What's the difference between the Nissan Terrano II and the Ford Maverick? The answer is 'not very much' unless you take into account sales, because the former was a hit for the Japanese manufacturer while the latter failed to find favour with new buyers and ended up an unloved relic.
The used Nissan Terrano II arrived in the summer of 1993, with funding from Ford allowing Nissan to go to town and design the car in any fashion they saw fit.
Engines available were a 2.4 litre petrol with 112bhp or a 2.7 litre diesel with a turbo attached that barely managed to scrape 100bhp.
Nissan made the Terrano II available with either three or five doors, while a hodgepodge of different trim options meant that you could really specify the car according to your budget and tastes.

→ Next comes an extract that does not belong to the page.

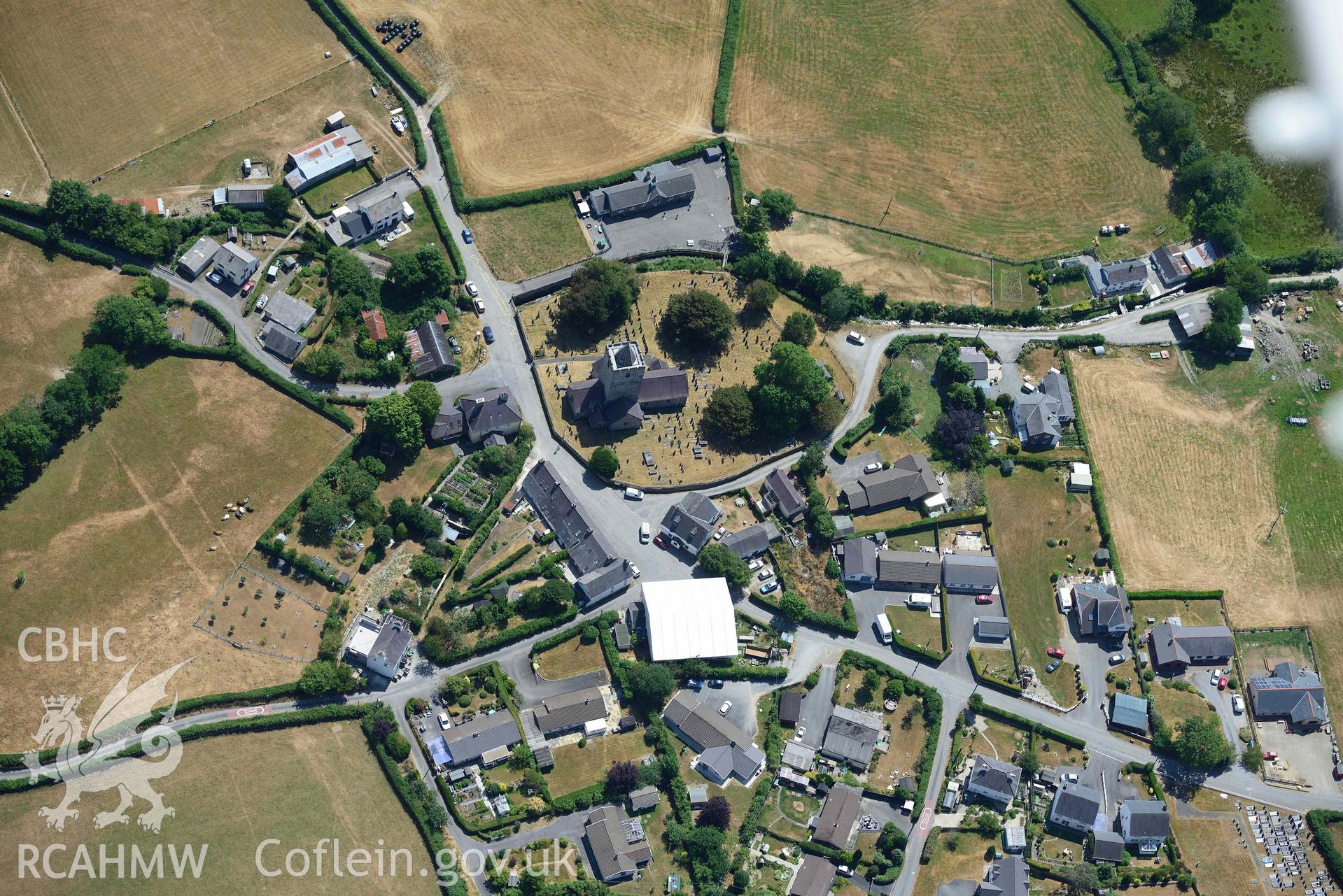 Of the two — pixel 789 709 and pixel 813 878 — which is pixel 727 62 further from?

In 1996 the Nissan Terrano II for sale underwent some remodelling, with a fresh front end and some other exterior alterations helping to make it more appropriate for the European market.
The petrol engine also got some tweaks to help reduce its emissions and smooth out the rough edges. Meanwhile the turbodiesel powerplant received even more attention, with a 125bhp output achieved thanks to a number of updated components.
The Terrano II got its second facelift at the turn of the millennium, which included things like bigger wheels, a refreshed dash and more of those all-important cup holders.
Better ABS also arrived in 2000, while in 2002 the Terrano II finally got the diesel engine it deserved in the form of the 154bhp 3.0Di unit which had previously been found onboard the Nissan Patrol.
Nissan began to wind down the range in the mid noughties, with 2004 seeing a couple of upmarket trims levels introduced before it finally was put to bed in 2006.
Bang for your buck
You'll find the second hand Nissan Terrano II to be very family-oriented, which is unsurprising given that its original interior was adapted from the Nissan Primera.
The myriad different trim levels mean that you'll find all sorts of kit onboard, from electric windows and door mirrors to air con and power steering.
The ethos of the Terrano II is one built around hardy practicality, so it's not quite up there with some saloons in terms of luxury or comfort. However, with plenty of room inside and decent off-road performance for those who require it, the Terrano II is a reliable proposition at an affordable price point.
What you'll pay
The fuel economy offered by the diesel engine Nissan Terrano II cars for sale means that you'll pay about £300 more to buy this model over the petrol alternative.
Prices have held up very well and while 1990s models will sell for a few hundred pounds with hundreds of thousands of miles on the clock, a decent 2000 era model can still end up fetching £3000 to £4000 on the used market.
The most you'll pay is £7000 to £10,000 for a last generation Nissan Terrano II for sale, although for this price you'll want to insist on a full Nissan service history and the top levels of trim.
What to check
A car can look great from afar, but under closer inspection there might be a few flaws revealed. This is particularly pertinent when looking at off-roaders, because if they've been used for their intended purpose then there could be damage lurking under the surface.
Things that will point to this include leaking oil or fuel, a diesel engine that belches smoke and particularly soft suspension.
The newer diesel engines found onboard the used Terrano II after 1996 are the most desirable thanks to the power boost, but overall reliability is decent if they have been treated with care.
The clutch of this model costs £200, while brake pads are £60-75 a pair. The exhaust could be the biggest expense at £400, while headlamps are a more manageable £80 each.
How it drives
If you need to seat up to seven people and tow anything that can roll, the used Nissan Terrano II is a good buy.
If you insist on taking it off-road it will perform well, if not quite being at the top of its class. But then this is really a family car in disguise, giving you the illusion of the 4x4 lifestyle without the mucky reality.